Starting off was the 10km Sri Chinmoy Yarra Boulevard. On a humid February day, I was hopeful of a 45 minute run, though I struggled to hold the pace in the second half of the race, and the humidity was testing everyone. I finished with a time of 46:11, which is almost my best time in a 10km race, though I have been proven to run much faster in longer races (examples such as City2Sea 2013). An interesting takeaway from the race was that since Two Bays, my running cadence (stride rate) has increased from close to 160-170 steps/minute to 190-200 steps/minute, although running the race with intent had reduced it slightly to, which is closer to the recommended stride rate of around 180. (As a side note, the stride rate is taken from my watch so the accuracy is debatable if movement is calculated from the swing of my arm. At present my average stride rate is somewhere in the 190 mark. )
Run for the Kids marked my first return to the race in 2 years, after opting to pursue (ultimately fail) running the Canberra Marathon last year. The course this year is 15.5km, and I was very happy with how my race unfolded – the plan was to start slow, running the first 5km in about 24 minutes, and then accelerate from there and hopefully finish under 1:10. As it turned out I ran the first 5km in about 23:45 and managed to pick up speed, from there mostly once we had gotten over the Bolte Bridge. It must be said it’s quite a privilege as a runner to have roads closed and run across to have views that are otherwise not accessible by foot. I think mentally I race better knowing there are hundreds and thousands of people alongside me, as I was able to run with the masses and keep up my pace, finishing with a time of 1:10:42 and giving me a good benchmark to measure my future racing this year.
That following Thursday I made my debut on the track, with the Victorian Running Network hosting the event from Box Hill Athletics Club. By then I had mostly recovered from Run for the Kids and was more or less treating this as a workout as opposed to a race. Group D 3000m, and was aiming to run at a pace of 4min/km. Nonetheless I was happy with my effort, though watching everyone else race made me aware of how much further I could improve, watching member of my running club and also national representative Eloise Wellings run an A-qualifier for the 5000m. I’m of the philosophy that if I can tighten my game over the shorten distances, I can translate that to better training and racing across the longer distances.
Geelong Half however was not one of my better performances. It was disappointing after heading into it I felt I was running well, and in an ambitious position to run a PB. I was on track running, crossing the halfway mark at about 48 minutes, but at that point I was slowing down from my 4:30/km pace down to 4:45/km, my left quad was getting fatigued and I suspect the gel I had taken was making my stomach uncomfortable.
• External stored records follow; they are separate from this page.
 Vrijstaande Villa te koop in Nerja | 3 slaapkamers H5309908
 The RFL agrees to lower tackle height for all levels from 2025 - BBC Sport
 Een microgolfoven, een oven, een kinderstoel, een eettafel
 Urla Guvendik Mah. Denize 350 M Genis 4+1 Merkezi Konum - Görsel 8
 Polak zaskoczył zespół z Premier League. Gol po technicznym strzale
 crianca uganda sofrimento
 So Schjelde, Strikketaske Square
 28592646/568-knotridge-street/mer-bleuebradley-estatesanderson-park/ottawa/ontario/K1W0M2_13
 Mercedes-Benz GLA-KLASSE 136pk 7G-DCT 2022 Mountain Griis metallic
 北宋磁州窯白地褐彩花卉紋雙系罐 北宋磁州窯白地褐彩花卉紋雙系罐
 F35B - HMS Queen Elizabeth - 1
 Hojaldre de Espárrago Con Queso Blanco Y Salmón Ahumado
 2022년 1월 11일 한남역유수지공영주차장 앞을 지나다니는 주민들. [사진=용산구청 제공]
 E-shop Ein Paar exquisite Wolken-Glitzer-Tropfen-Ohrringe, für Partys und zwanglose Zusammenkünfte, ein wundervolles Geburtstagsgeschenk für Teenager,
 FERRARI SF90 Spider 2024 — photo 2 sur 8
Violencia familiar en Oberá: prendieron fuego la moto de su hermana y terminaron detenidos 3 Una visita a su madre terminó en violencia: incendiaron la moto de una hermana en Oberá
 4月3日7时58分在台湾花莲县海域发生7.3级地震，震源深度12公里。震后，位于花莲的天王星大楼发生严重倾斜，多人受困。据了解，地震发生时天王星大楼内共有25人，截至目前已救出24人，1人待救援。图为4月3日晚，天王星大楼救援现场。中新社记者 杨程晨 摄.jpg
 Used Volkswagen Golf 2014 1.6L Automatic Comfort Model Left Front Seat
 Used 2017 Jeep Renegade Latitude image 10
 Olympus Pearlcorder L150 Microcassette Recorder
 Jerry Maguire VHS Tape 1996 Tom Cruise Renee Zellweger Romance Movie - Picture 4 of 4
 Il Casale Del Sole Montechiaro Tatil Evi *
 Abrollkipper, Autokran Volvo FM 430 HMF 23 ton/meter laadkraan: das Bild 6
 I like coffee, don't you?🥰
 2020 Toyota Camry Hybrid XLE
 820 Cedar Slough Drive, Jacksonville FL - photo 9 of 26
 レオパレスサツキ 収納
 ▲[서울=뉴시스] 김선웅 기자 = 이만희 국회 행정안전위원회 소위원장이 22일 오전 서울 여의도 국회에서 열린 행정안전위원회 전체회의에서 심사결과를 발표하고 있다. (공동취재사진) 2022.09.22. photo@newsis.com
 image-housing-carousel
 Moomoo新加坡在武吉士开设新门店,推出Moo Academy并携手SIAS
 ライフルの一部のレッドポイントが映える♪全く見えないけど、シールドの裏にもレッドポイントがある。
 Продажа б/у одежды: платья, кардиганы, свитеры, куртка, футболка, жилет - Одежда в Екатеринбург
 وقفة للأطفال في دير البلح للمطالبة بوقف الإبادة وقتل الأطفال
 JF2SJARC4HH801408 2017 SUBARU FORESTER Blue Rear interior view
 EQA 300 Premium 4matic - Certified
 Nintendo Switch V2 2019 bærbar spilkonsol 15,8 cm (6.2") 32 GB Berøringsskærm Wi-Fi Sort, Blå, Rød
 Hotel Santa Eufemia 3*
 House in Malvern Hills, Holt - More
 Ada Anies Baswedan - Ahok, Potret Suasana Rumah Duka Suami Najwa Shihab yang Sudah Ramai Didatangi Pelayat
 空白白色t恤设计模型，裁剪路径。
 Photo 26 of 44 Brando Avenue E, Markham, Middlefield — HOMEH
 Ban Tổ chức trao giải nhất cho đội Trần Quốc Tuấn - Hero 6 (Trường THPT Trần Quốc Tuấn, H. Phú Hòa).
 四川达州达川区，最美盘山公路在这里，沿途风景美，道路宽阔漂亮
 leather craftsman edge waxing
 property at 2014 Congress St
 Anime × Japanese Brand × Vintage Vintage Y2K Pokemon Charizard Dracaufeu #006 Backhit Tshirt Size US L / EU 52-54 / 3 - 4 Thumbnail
The plan was to get a bit of extra juice to chase that PB, by having one at 7km and another at 14km. Unfortunately I had miscalculated where the drink station was going to be and by 11km I had broken down, hobbling and trying to salvage what I could to finish 1:47 instead.
The lesson was that if you have a preferred method and plan of racing you should stick by it. It was a little disheartening to have such a bad race after training and preparing so well, though once the race was done there were quite a few things that came to light. The most immediate issue I put it down to was a lack of sleep. The more pressing issue was that in my pursuit for a PB, I abandoned my usual running mentality and approach of starting slower and accelerating in the later stages of the race in favour of setting the pace hard and seeing for how long I would be able to hold it.